Über eine längere Zeit im Homeoffice zu arbeiten stellt uns alle vor einige Herausforderungen. Konkret: Mein PC friert mehrmals am Tag ein, ich bin frustriert… und das kleine Pläuschchen in der Teeküche fehlt auch. Was kann man bei Frustration im Homeoffice tun?

Diese Herausforderungen kennen wir alle, glaube ich, nur zu gut. Die Frustration, die dabei entsteht, ist in erster Linie ein emotionaler Zustand, der immer dann auftritt, wenn eine Situation nicht wie erhofft verläuft. Dabei liegt die Ursache fast aller Probleme, die Frust hervorrufen, in den eigenen Erwartungen. Nicht selten steht das Gefühl der Frustration in Zusammenhang mit anderen negativen Emotionen, wie Trauer, Enttäuschung, Ärger oder Wut.

Welcher Gefühlsmix entsteht, ist individuell und situationsspezifisch. Hilfreich ist dabei zu erkennen, dass wir in einer komplexen Welt leben und wir über eine Vielzahl an Faktoren im Alltag keine Kontrolle haben. Das geht von der Technik bis hin zu der Tatsache, dass wir uns den Alltag bis vor kurzem anders vorgestellt hatten und uns nun stattdessen als Alleinkämpfer*innen im Homeoffice wiederfinden. Wenn wir nun gegen das Gefühl der Frustration kämpfen, dann wird dieses stärker und verursacht Stress.
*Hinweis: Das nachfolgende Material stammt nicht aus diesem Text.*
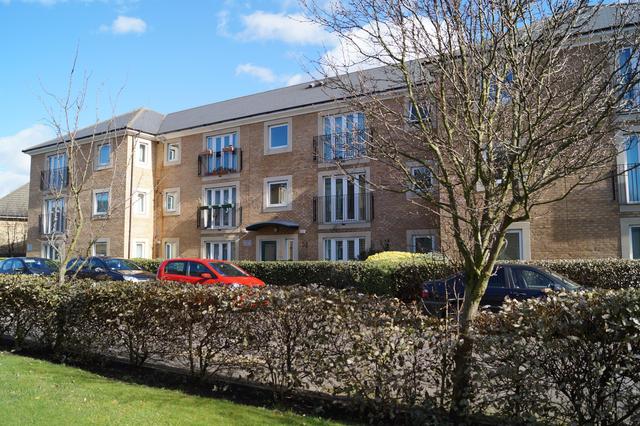 Image of 2 bedroom Flat for sale in White Lodge Close Isleworth TW7 at Isleworth Middlesex Isleworth, TW7 6TH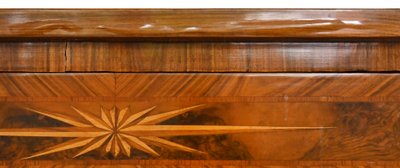Comò in stile Luigi XVI intarsiato con decorazione a rose dei venti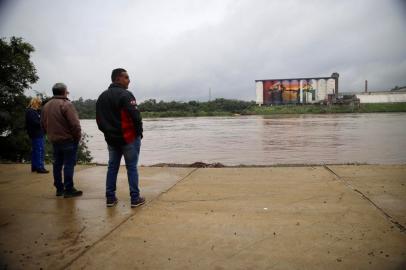 LAJEADO, RS, BRASIL, 03.05.2022: Moradores observam a elevação das águas do Rio Taquari. Foto: Camila Hermes/Agência RBS<!-- NICAID(15085538) -->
Sinnvoller wäre es, anzuerkennen, dass es in diesem Moment nicht so läuft wie geplant. Die Akzeptanz der eigenen Gefühle erlaubt uns, besser zu beobachten, die Angelegenheit aus einer anderen Perspektive einzuschätzen und Alternativen zu überlegen. Den Prozess kann man durch langsames und mehrfach tiefes Atmen beschleunigen. Insgesamt ist es vollkommen in Ordnung auch mal frustriert zu sein.

Wichtig ist, dass man seinen Tag so gut es geht strukturiert. Sich einen Arbeitsplan zu erstellen, der auch Pausenzeiten enthält. Dabei sollte man Dinge, die Spaß machen, am Anfang des Tages erledigen.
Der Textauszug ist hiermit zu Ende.